KIDFIT INFORMATION FOR PARENTS

Overweight children - too much food - too little exercise

The number of overweight children in the United States, currently one child in five, is creating a serious health problem. Nearly 9 million youths ages 6 to 19 are overweight and the numbers continue to grow. Over the past twenty years, the number of overweight children has increased by more than 50 percent.

Overweight children are more likely to become obese adults, and obesity at any age increases the risk of diabetes, heart disease, high blood pressure and certain types of cancer. Overweight children may also suffer emotional and physical problems. Most very overweight children have at least one medical complication and miss four times as much school as normal-weight children. Medical resources report that boys and girls who range from chubby to greatly obese, some as young as six years of age, are being diagnosed in unprecedented numbers with type 2 diabetes. Too much food . too little exercise -

Children become overweight for a variety of reasons. The most common causes are lack of physical activity, unhealthy eating patterns, genetic characteristics or a combination of these factors. In rare cases, a medical problem may cause a child to become overweight. Regular pediatric attention will help to rule out this problem.

Physical activities, combined with healthy eating habits, are the most efficient and healthful ways to control weight. Physical inactivity is the major contributor to overweight in children, with excessive television viewing largely responsible for this inactivity. A large population study reported that pre-school and school aged children spend an average of 4 to 5 hours daily watching TV. High calorie foods are most often consumed during these time periods. The American Academy of Pediatrics recommends that parents limit the amount of TV viewing for children to less than two hours a day. In addition, it is recommended that children partake in non-stop exercise for 20 to 30 minutes at least three to fives times a week. Daily exercise is preferred.

Simple ways to increase a family's physical activity include the following:

Be a role model for your children. Children are more likely to be active if they see parents and care providers who exercise regularly.

Reduce sedentary activities. Include family activities that provide exercise and enjoyment in the daily schedule. Plan an after dinner walk or bike ride rather than or before TV watching.

Consider your child's needs. Be sensitive. Children, but particularly overweight children, may feel uncomfortable about participating in certain activities. Help your children find physical activities that they can enjoy and are not embarrassing or too difficult. Swimming, bicycling, walking, running are all aerobic activities that do not require athletic talent.

Teaching and modeling healthy food choices and eating practices will help children develop healthy eating habits for a lifetime. Children's diets must provide enough energy and essential nutrients for proper growth and development. Children should never be placed on a restrictive diet to lose weight, unless a doctor supervises one for medical reasons. Limiting what children eat may be harmful to their health and interfere with their growth and development.

Guide family choices. Parents and care providers should offer a wide variety of food from each of the food groups of the Food Guide Pyramid. Make a wide variety of foods available including fresh fruits and vegetables. All foods, even those that are high in fat or sugar, have a place in the diet - in moderation.
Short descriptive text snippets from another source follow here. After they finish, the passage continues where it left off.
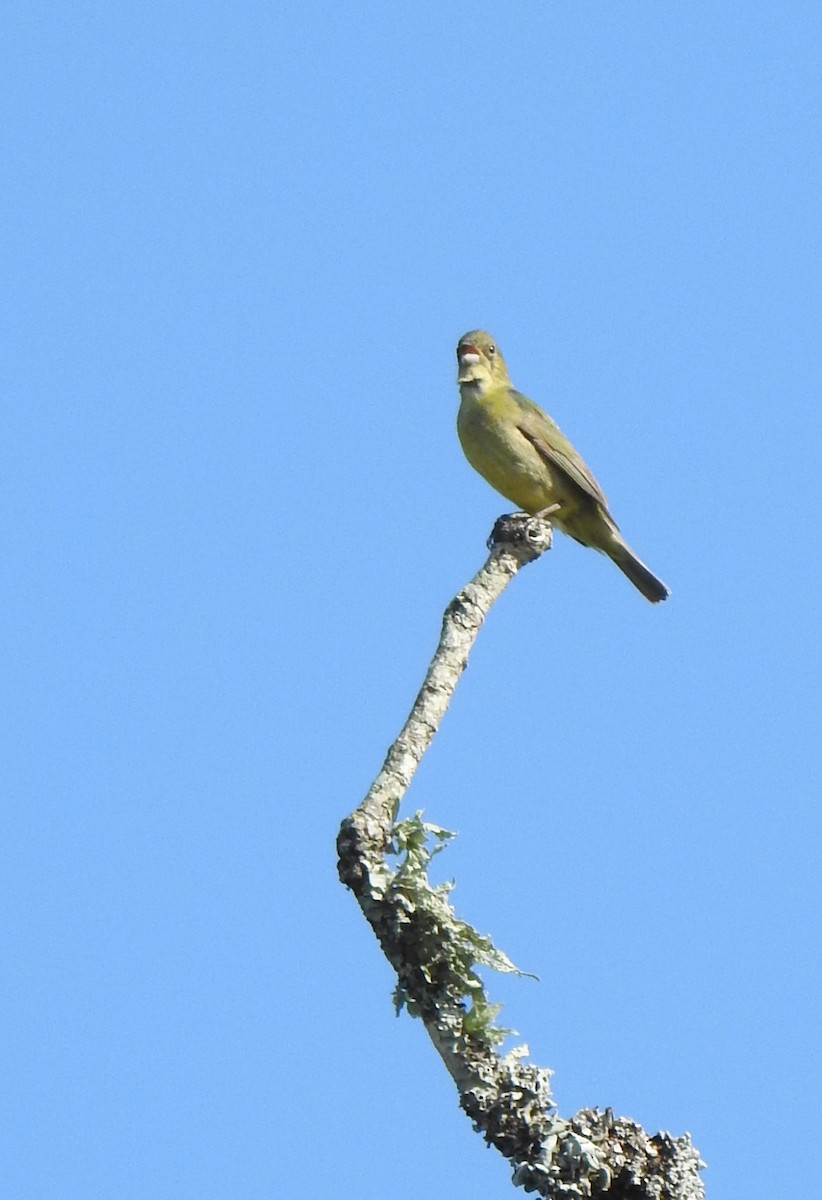 Painted Bunting - ML637702610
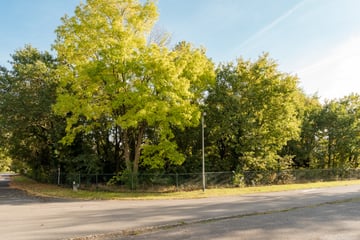 Bekijk foto's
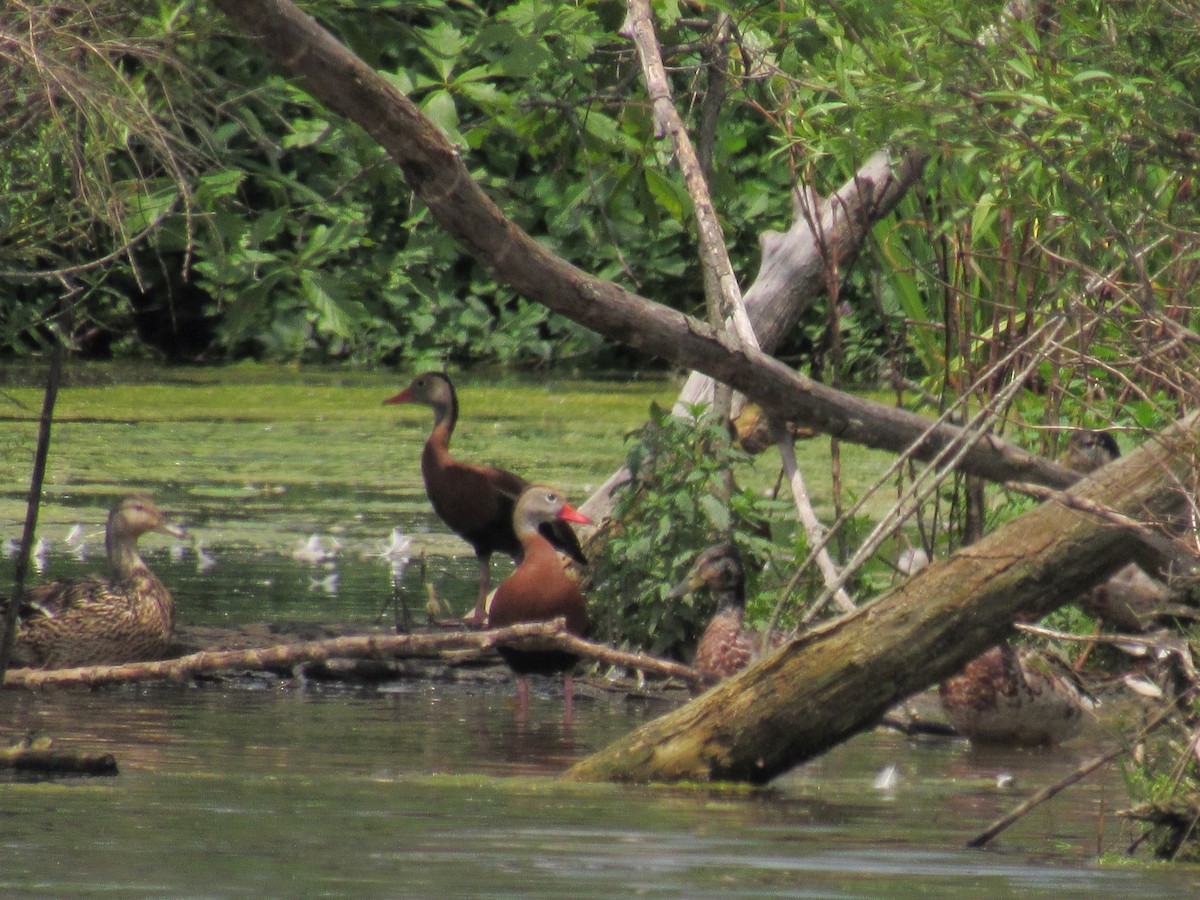 Black-bellied Whistling-Duck - Dennis Harnly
Make small changes. Making small changes in the amount of fat in the family's diet is a good way to prevent excessive weight gain. Fat should not be restricted in the diets of children younger than two years of age. After that age, children should gradually adopt a diet that contain no more than 30 percent of calories from fat by the time the child is five years old. Saturated fats should be limited to less than ten percent of the total calories.

Plan for snacks. Continuous snacking may lead to overeating. Healthy, satisfying snacks, low in sugar and fat, planned at specific times during the day should be part of a nutritious diet. Designate areas of the home for eating such as the dining room or kitchen. Sacking in front of the TV or "on-the-run" often leads to overeating.

Food is not a reward. When foods such as sweets are used as a reward, children may assume that these foods are better or more valuable that other foods. Similarly, withholding food as a punishment may lead children to worry that they will not get enough food and may lead to over-eating at meal times or even "sneaking" food.

Mealtimes should be pleasant. Encourage family mealtime interaction without scolding or grievances. Adults should model eating slowly. Slow eating during a meal helps the child learn how to interpret cues for hunger and fullness and how to regulate how much he or she eats.

Set a good example. Children are good learners. They learn best by example. By being physically active and making healthy food choices, parents will teach children healthy lifestyle habits that he or she can follow for the rest of their lives.